All things considered, conquistador, you are advised never to leave your stallion in need of company. No horse is an island entire of itself. Further tips on looking after your horse when adventuring and conquering in Mexico and Peru are available in the government pamphlet 50 Tips For Conquistadors On Looking After Your Horse When Adventuring And Conquering In Mexico And Peru (Crown Copyright) (out of print).

 

Cockles Warmed

Recently I bemoaned the fact that, not being a member of the literary in-crowd, I find it impossible to get my books reviewed. While not being reviews as such, a couple of blog posts devoted to Gravitas, Punctilio, Rectitude & Pippy Bags warmed what pass for the cockles of my heart. When you have read what Georgy Riecke and The Lumber Room had to say, you would do well to immerse yourself in the rest of their outpourings.

Lord, Love A Duck

When we consider the relationship between God and humankind, we tend to think of God as the one who issues commands and decrees and ukases that mere mortals must obey. Occasionally, however, it is the other way about. I have in mind the Cockney cheeky chappie who will, from time to time, exclaim “Lord, love a duck!”

What are we to make of this? Is our loveable scalliwag telling the Lord to bestow His ineffable benificence upon a denizen of the local duckpond? Or is it the case, as I prefer to think, of a command to God to engage in sexual congress with a duck? After all, there seems little need to be telling God to direct His abounding love upon any particular one of His creatures, for that is what He is doing all the time, apart of course from when He is smiting the sinful. It is a rare thing for a duck to require smiting, for by and large ducks do not sin.

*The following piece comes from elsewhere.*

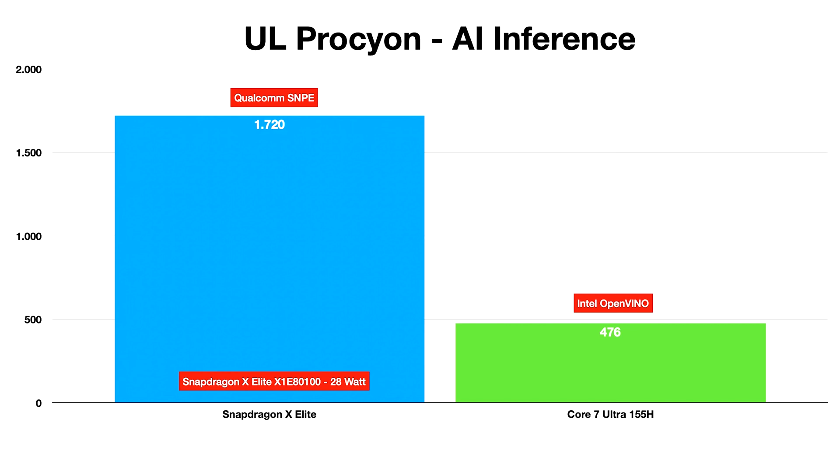Qualcomm also managed to gain an advantage over Intel in Visual Studio Code testing, where the Snapdragon X Elite X1 E80100 performed the same code compilation in a much shorter time frame than Intel.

We must ask why a chirpy eastender would command God to have sex with a duck, and the answer must be in the hope that the duck falls pregnant. For of course, a duck into whose womb wiggles a divine seed will eventually lay an egg from which will hatch, not an ordinary duckling, but a being that is half duck, half God – a duck-god, if you will.

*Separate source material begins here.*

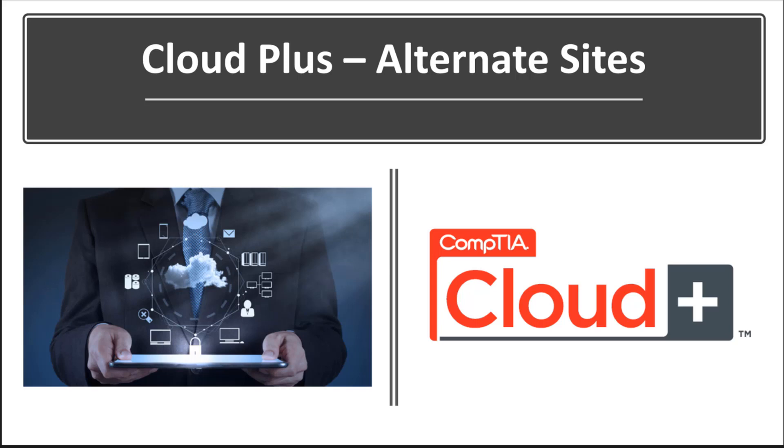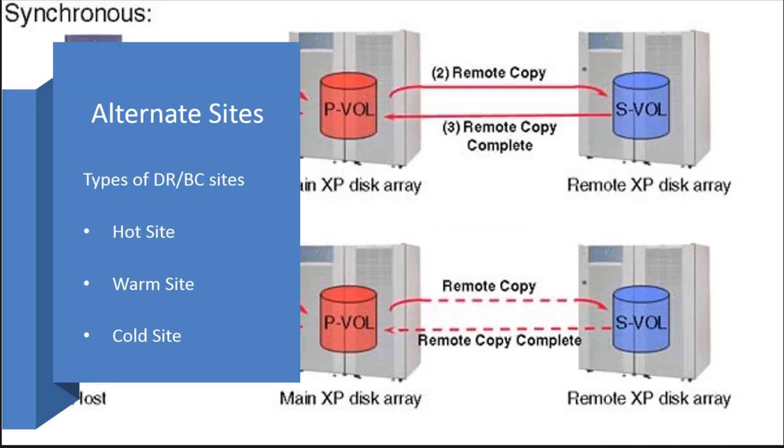Let's talk about alternate sites. When it comes to cloud computing, we generally need to realize that we may have disaster recovery and business continuity sites available.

The sexual link between Gods and aquatic birdlife is not without precedent. The most famous example is probably the story of Leda and the swan, although there the waters are muddied somewhat by the fact that God, in the form of Zeus, inhabited the body of a swan and proceeded to rape Leda, the mother of Helen of Troy, Clytemnestra, Castor and Pollux. None of Leda’s children, either by the swan-God or by her husband King Tyndareus, turned out to have aquatic avian characteristics.

On one of his infrequent visits to Cockney haunts, Dobson overheard many ragamuffins and urchins shouting “Lord, love a duck!”, and he was led to wondering just how many duck-gods may have been spawned and were perhaps plashing unremarked in the ponds of the city’s parks. Armed with a notebook and pencil, and some sort of pneumatic scanner device of his own invention, the out of print pamphleteer plodded around those very ponds during a wet October weekend. Sadly, he never wrote up his findings in pamphlet form, and the only record we have of his researches is a fragment from a letter Marigold Chew wrote to her cousin Basil.

Dobson has returned from his tour of east end ponds, she reported, and appears to be convinced that a wigeon (or baldpate) he spotted plashing in a pond in [illegible] had a spark of divinity about it. I argued that a mere spark was surely insufficient, and that a true duck-god would be immediately recognisable as such, for it would probably emit a blinding efflorescence of heavenly majesty and be surrounded by duckling apostles bowed in worship of its mighty duck-god omnipotence and of its boundless love and mercy. I added, perhaps unkindly, that Dobson’s ornithological ignorance was of such an unfathomable depth that it would not surprise me if he had mistaken a wigeon for a pigeon, and, the latter not being a duck at all, his whole theory would come crashing around his ears. He took umbrage at this, and retired to his escritoire to scribble some twaddle about another topic entirely.